Optical Mark Cards
This ballot was issued as part of the credentials packet to a delegate to the 1988 Iowa Democratic Convention. These ballots were used to elect delegates to the national convention and to national party committees. Each candidate was assigned a number, and the ballot allowed convention delegates to mark the numbers of the candidates they preferred for each of up to 5 offices. Elections carried out on the convention floor were not by secret ballot, so each delegate's ballots were pre-punched with the delegate ID and ballot number. A high resolution scan is available.
This ballot was issued as part of the credentials packet to a delegate to an Iowa Democratic Convention in the late 1980's. These ballots were used for votes on platform planks in those cases where voice votes and standing divisions of the house were deemed insufficient. This card is designed to carry less information than any other card in this collection, but it is not just one bit of information; elections carried out on the convention floor were not by secret ballot, so each delegate's ballots were pre-punched with the delegate ID and ballot number. A high resolution scan is available.

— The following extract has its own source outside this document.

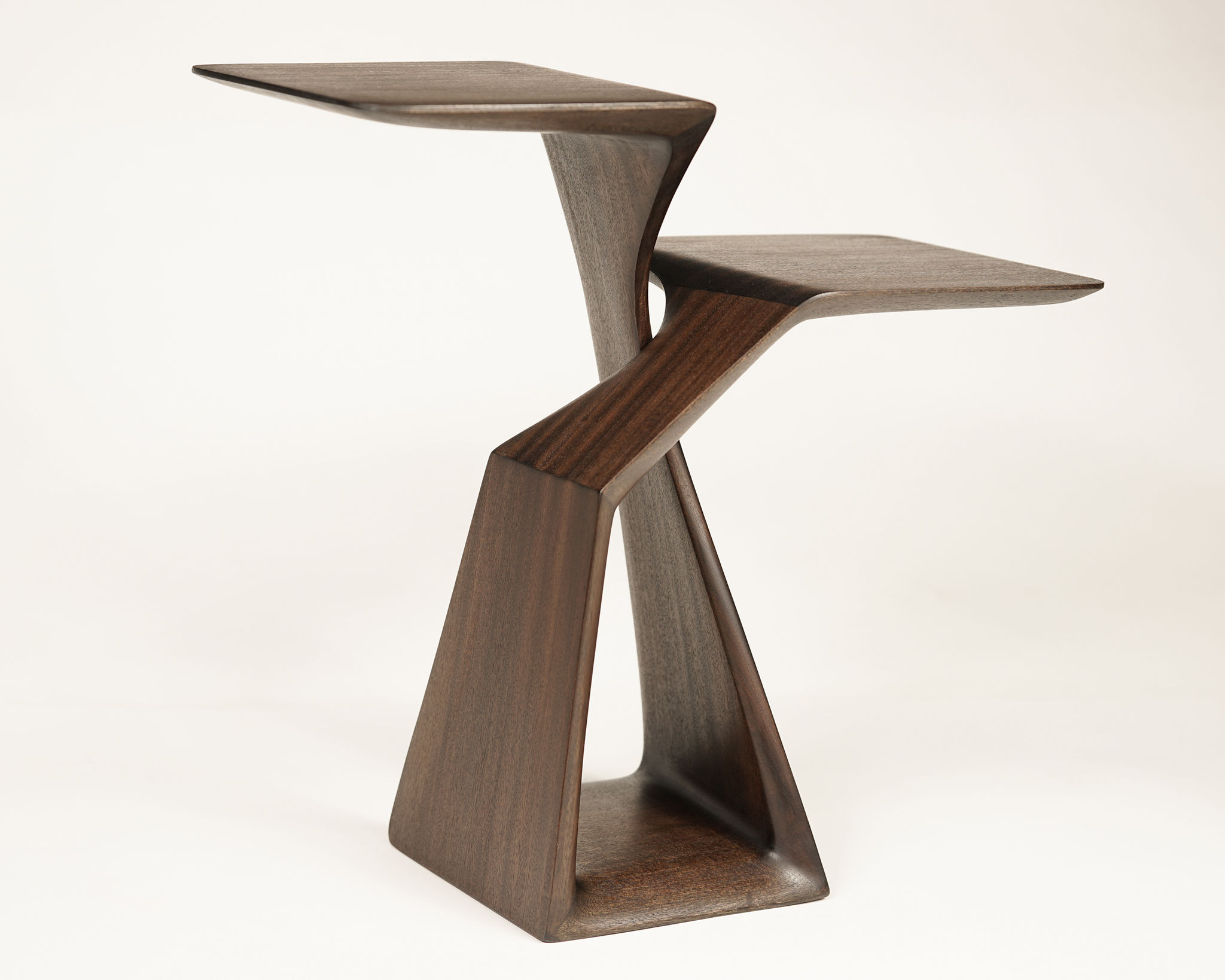 Twentieth ThomasNewman TheLoopSideTable 5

In the early 1970's, Hewlett Packard was a leader in providing computers to public school systems interested in teaching computer programming. While Hewlett Packard emphasized use of timesharing systems, the provisions they made for batch operation using optical mark readers lowered the price per student to something that many public school systems could afford. The black bars between marking positions provide a clock signal to the card reader, allowing it to find the marking positions. A high-resolution scan is available.
With conventional punched-cards, you punch your program on the card using a keypunch. Users of mark-sense cards have come up with interesting terminology to describe the analogous act of programming on such cards. One of the more interesting descriptive phrases is "we bubbled in our programs on cards", referring to filling the oval bubbles that are commonly used as marking targets on mark-sense forms. I first heard this usage in 2002 from Dr. Glen B. Cook.
In the late 1960's and early 1970's, Hewlett Packard was a leading maker of programmable desk calculators, competing with Olivetti and Compucorp. The HP9820 calculator offered, as an option, programming on cards using an optical mark reader. The card provided space for the symbolic program, encoded as a sequence of calculator keypresses, just as on today's programmable pocket calculator, and then spaces for the machine readable translations of each program step into a binary pattern of marks. A medium-resolution scan and a high-resolution scan are available.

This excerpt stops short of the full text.